**Task to carry out**
Exactly as they appear below, repeat the lines from the one with "corn cobs simmering in the chicken broth" through the one with "Close-up of brown". Drop every picture.

**Task material**

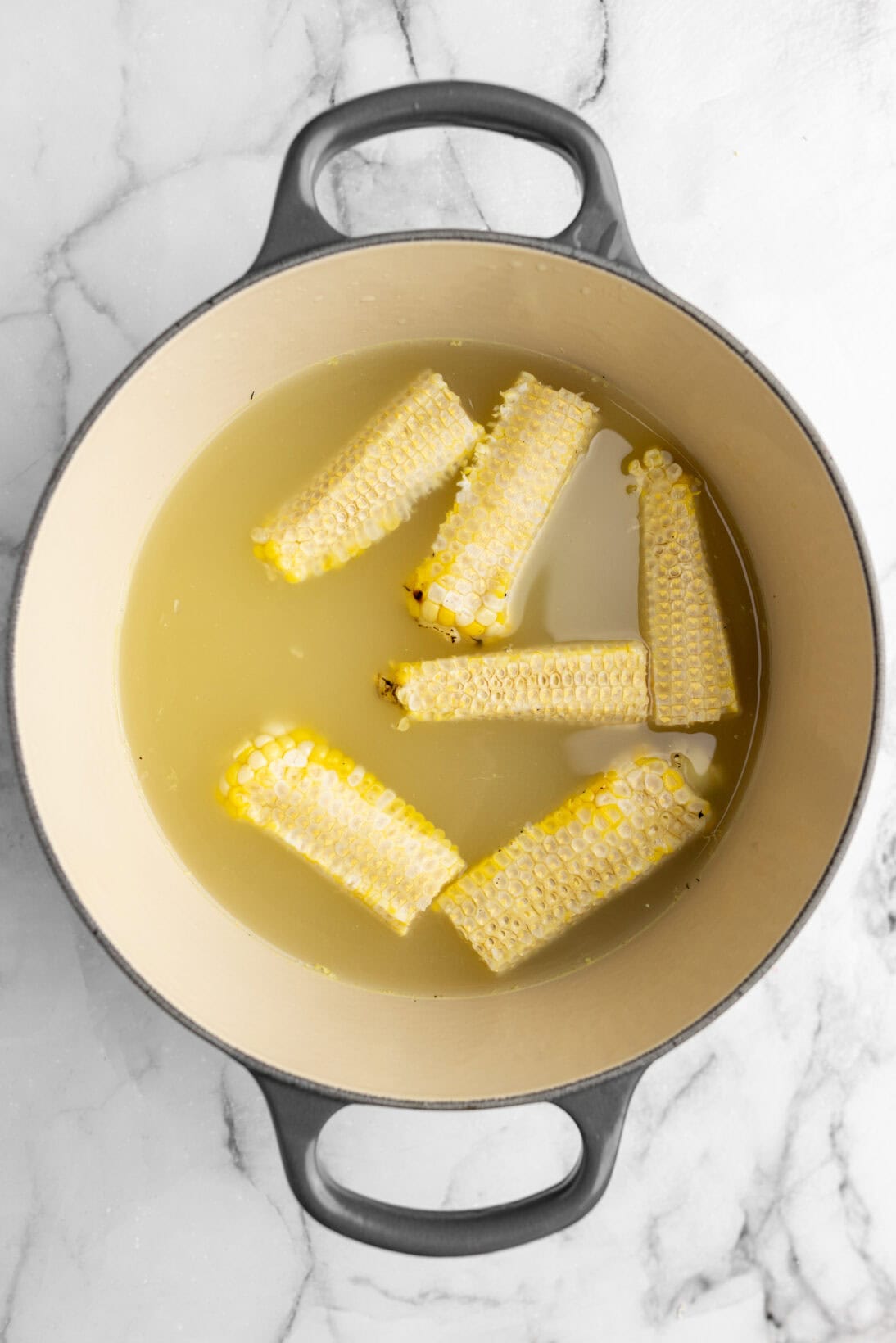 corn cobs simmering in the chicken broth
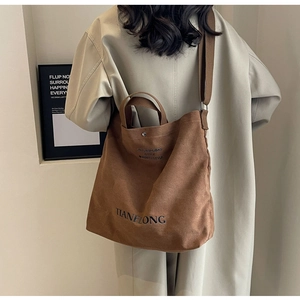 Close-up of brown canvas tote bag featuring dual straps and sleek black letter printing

* * *

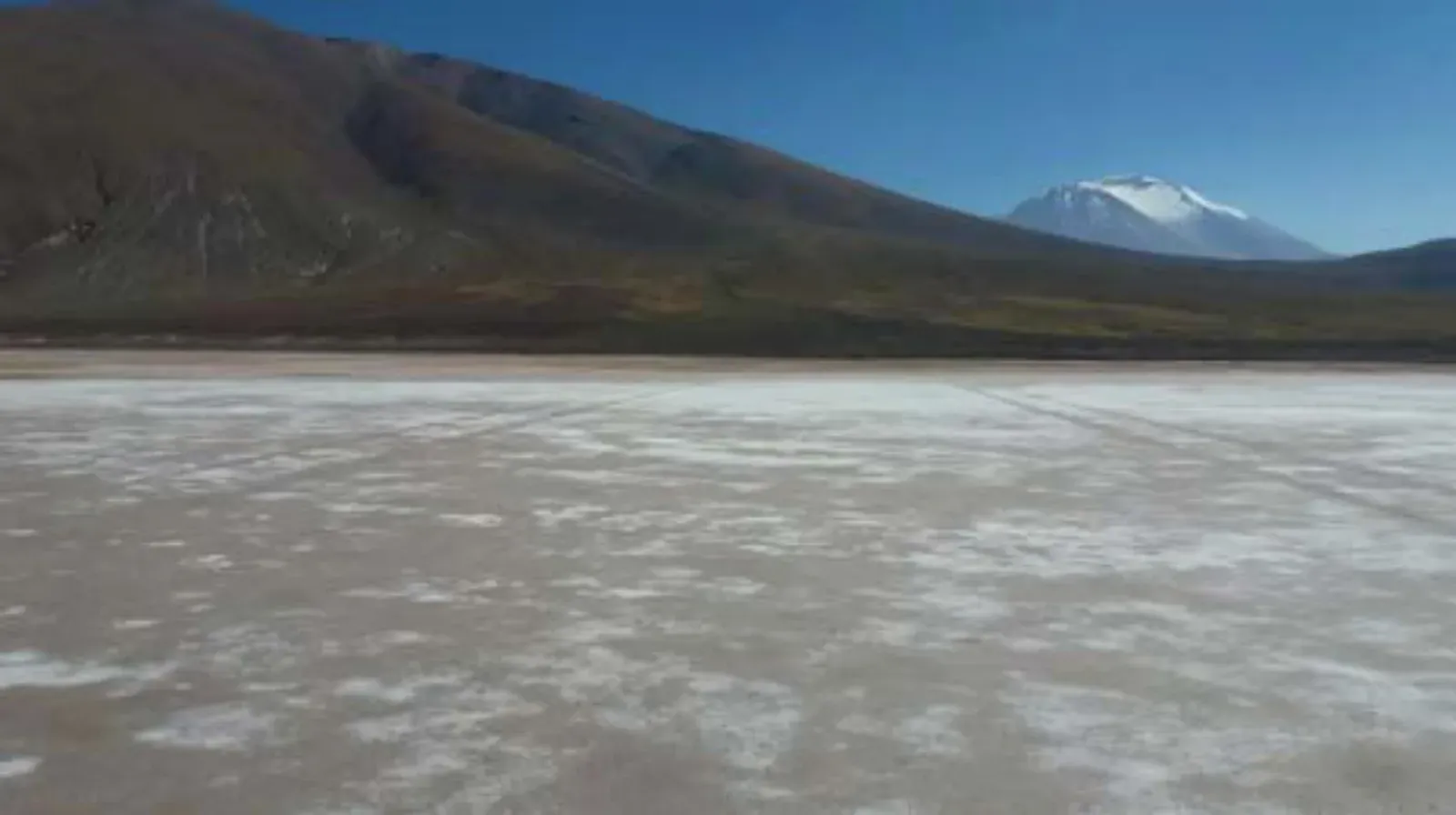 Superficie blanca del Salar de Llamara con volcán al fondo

--

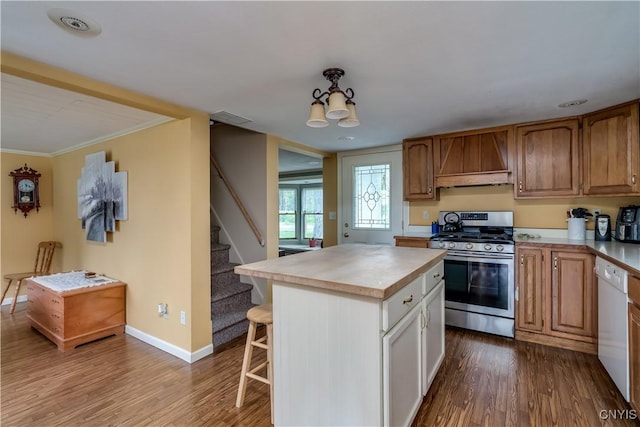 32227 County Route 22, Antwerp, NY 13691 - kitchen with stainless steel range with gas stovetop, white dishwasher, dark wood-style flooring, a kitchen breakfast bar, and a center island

**Reply**
 corn cobs simmering in the chicken broth
 Close-up of brown canvas tote bag featuring dual straps and sleek black letter printing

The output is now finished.